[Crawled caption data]
========================================================================

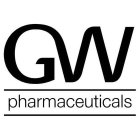 GW Pharmaceuticals Plc 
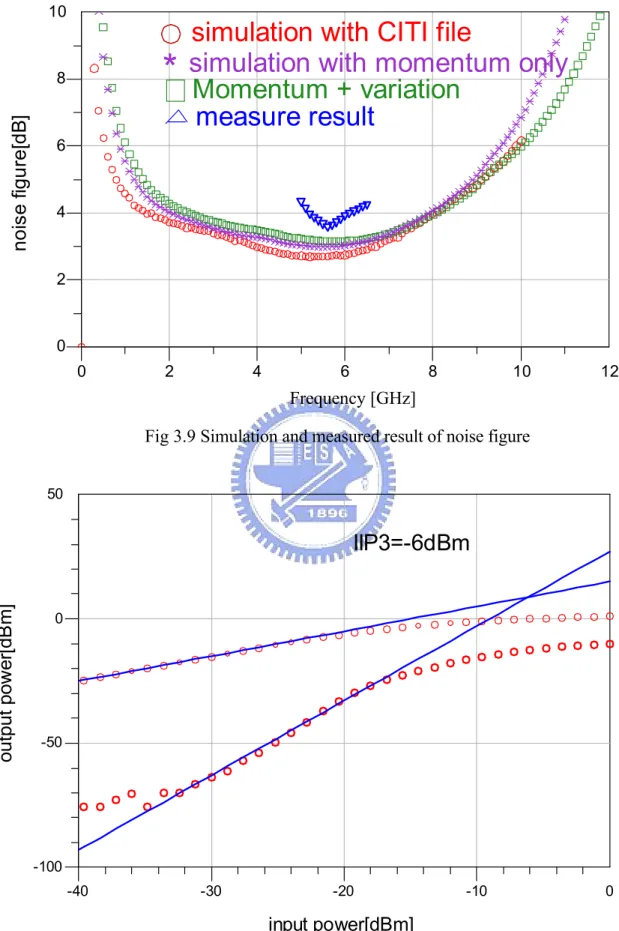 Fig 3.9 Simulation and measured result of noise figure 
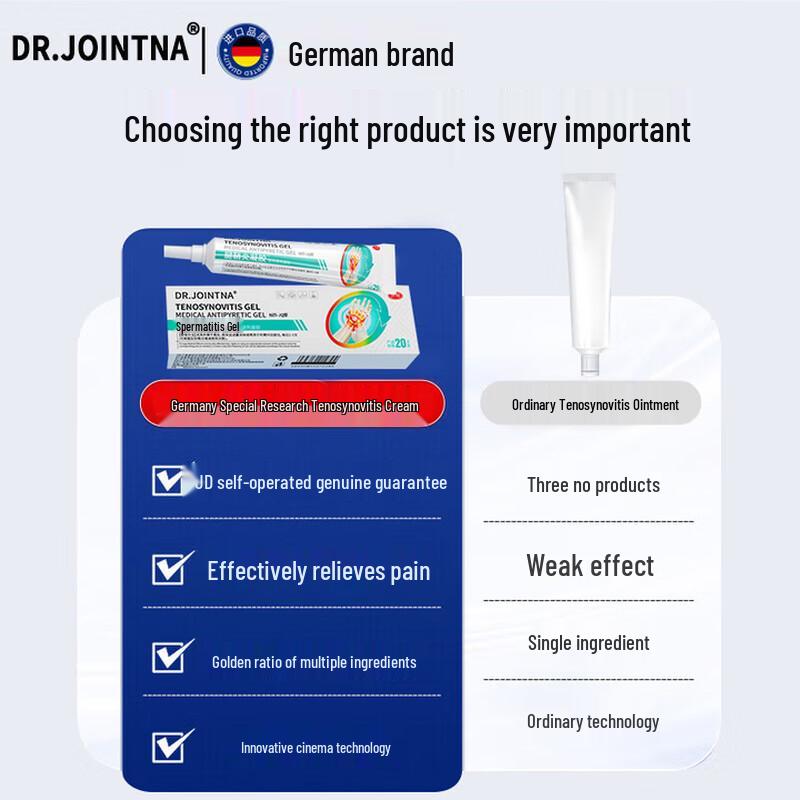 DR.JOINTNA Гель для облегчения боли в сухожилиях и суставах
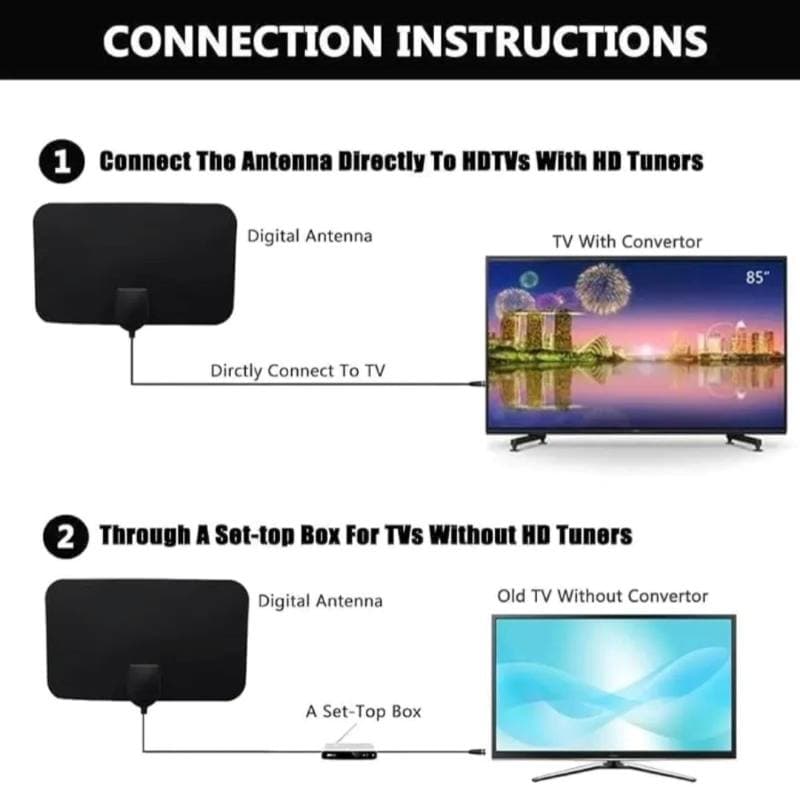 آنتن تلویزیون پنجره ای دیجیتال FULL HDTV — تصویر ۳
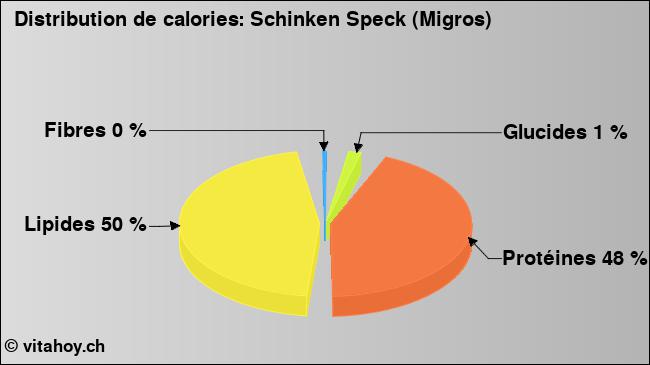 Calories: Schinken Speck (Migros) (diagramme, valeurs nutritives)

========================================================================

| Task goal |
Reproduce the entries above exactly. Do not include the images.

| Task answer |
 GW Pharmaceuticals Plc 
 Fig 3.9 Simulation and measured result of noise figure 
 DR.JOINTNA Гель для облегчения боли в сухожилиях и суставах
 آنتن تلویزیون پنجره ای دیجیتال FULL HDTV — تصویر ۳
 Calories: Schinken Speck (Migros) (diagramme, valeurs nutritives)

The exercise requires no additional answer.